MD: What has been done to overcome such tensions and build a more fruitful integration between statistics and network analysis?

TS: A lot of progress has been made since the 1980s. It is difficult to summarize in a few sentences all the relevant contributions, yet I would single out the development of models that explain specific network configurations drawing largely, although not exclusively, on network properties (the so-called ‘endogenous effects’). Examples of this line of work are the [Markov graphs: grafi di Markov] developed by Frank and Strauss in the 1980s, the [p* models: modelli p*] developed in the 1990s by Wasserman, Pattison, and others, and more recently the broader family [of Exponential Random Graph Models: dei cosiddetti Exponential Random Graph Models], able to represent many different kinds of dependencies simultaneously, and yielding also goodness of fit assessments. My own work has mostly been in this particular line of research, focusing mainly on the developement of technics and models for the longitudinal analysis of networks.

MD: What are in your view the next challenges for social network analysis? In particular, how is network thinking going to affect our treatment of social science data?

TS: We must first of all understand that we need a shift in the way we think of explanation.
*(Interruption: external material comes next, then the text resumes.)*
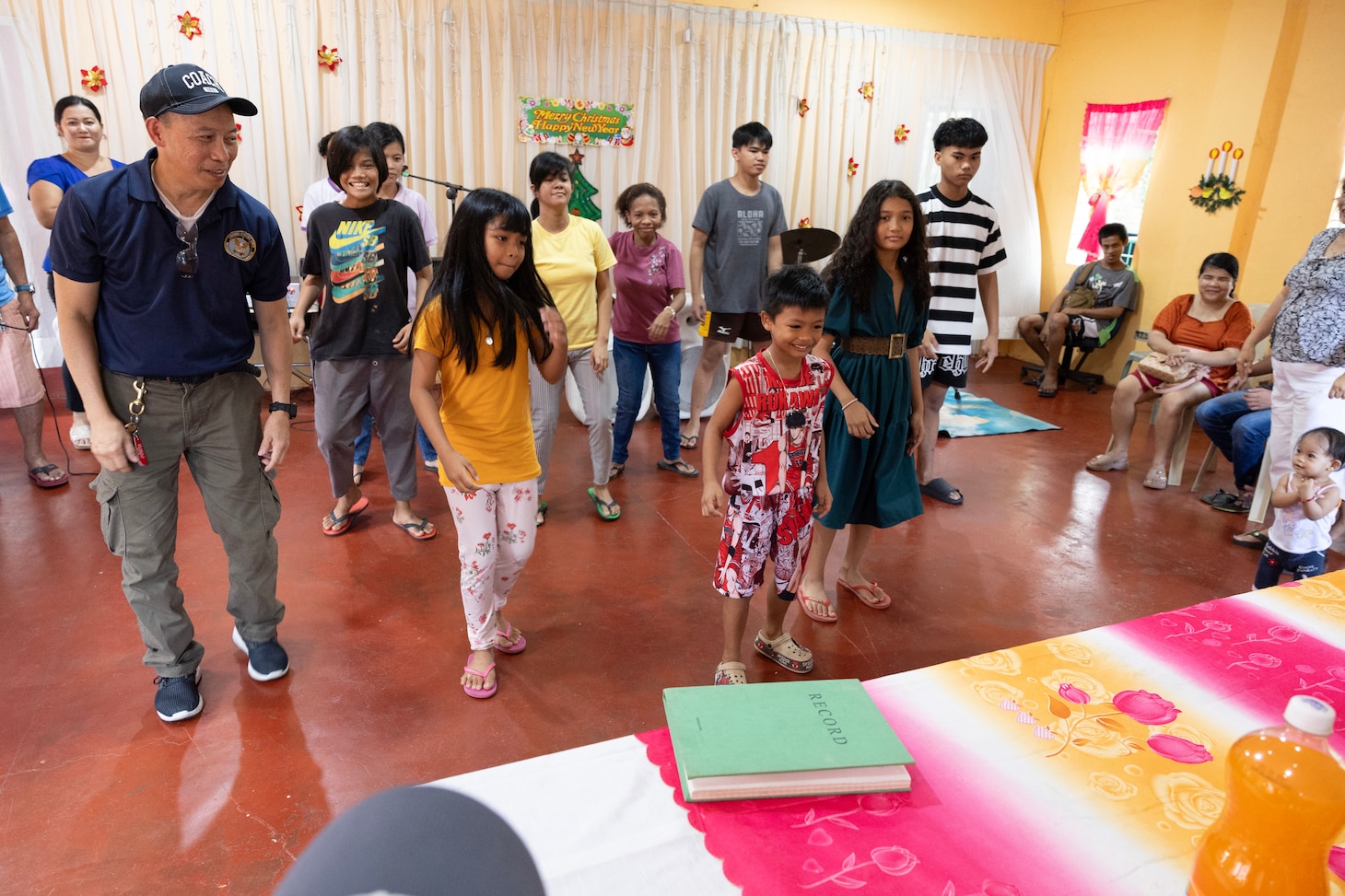 Civilian mariner Larry P. Ejan, left, steward utilityman, with Military Sealift Command’s (MSC) dry cargo and ammunition ship USNS Charles Drew (T-AKE 10), dances with children of the Niños Pag Asa Orphanage Center during a community outreach event in Olongapo, Philippines, Dec. 8, 2024.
We could focus merely on the improvement in the amount of explained variance that one could get from the introduction of network variables into social science standard models. But that would not be quite enough. We should really ask, instead, how do actors choose their networks, i.e., how do they end up linked to certain social milieus rather than others. Only as the next step, we should then ask to what extent such particular network configurations may affect actors’ prospects and behavior. Of course, social ties are determined by class, gender, ethnic and territorial origins, but there are margins of autonomy for actors too. In this sense, as social capital theory has long suggested, networks can be fruitfully viewed as much as dependent variables as independent ones. Our relations have effect on us, therefore, we actively try to ‘improve’ our networks by focusing on the building of certain ties to the detriment of others.

MD: How do you think will the integration of social network analysis and statistics proceed?
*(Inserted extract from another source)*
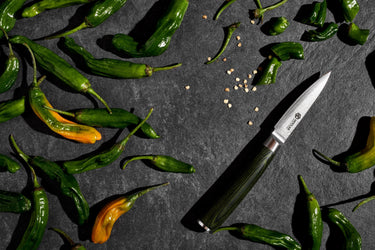 A small HexClad knife surrounded by green and yellow peppers.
TS: I can confidently predict that there will be a growing interest in modeling, and in the development of multilevel network studies, that enable us to take better into account the variable impact of different social settings on network dynamics. I also expect greater attention to be paid to models, suited to the analysis of large networks. At the same time, I see some risks associated with the growing use of statistics, in particular, their mechanistic use. I fear that people might commit uncritically to statistical models, forgetting about concepts and approaches, traditionally associated with network analysis. What we need, instead, is a combination of the two, maintaining the interest in substantive problems but paying greater attention than in the past to issues of goodness of fit. Another area of development which I see as crucial has to do with appropriate software for network models. I have put a lot of effort myself in this direction, with the development of the package Siena for the longitudinal analysis of networks, and I intend to continue in the years to come.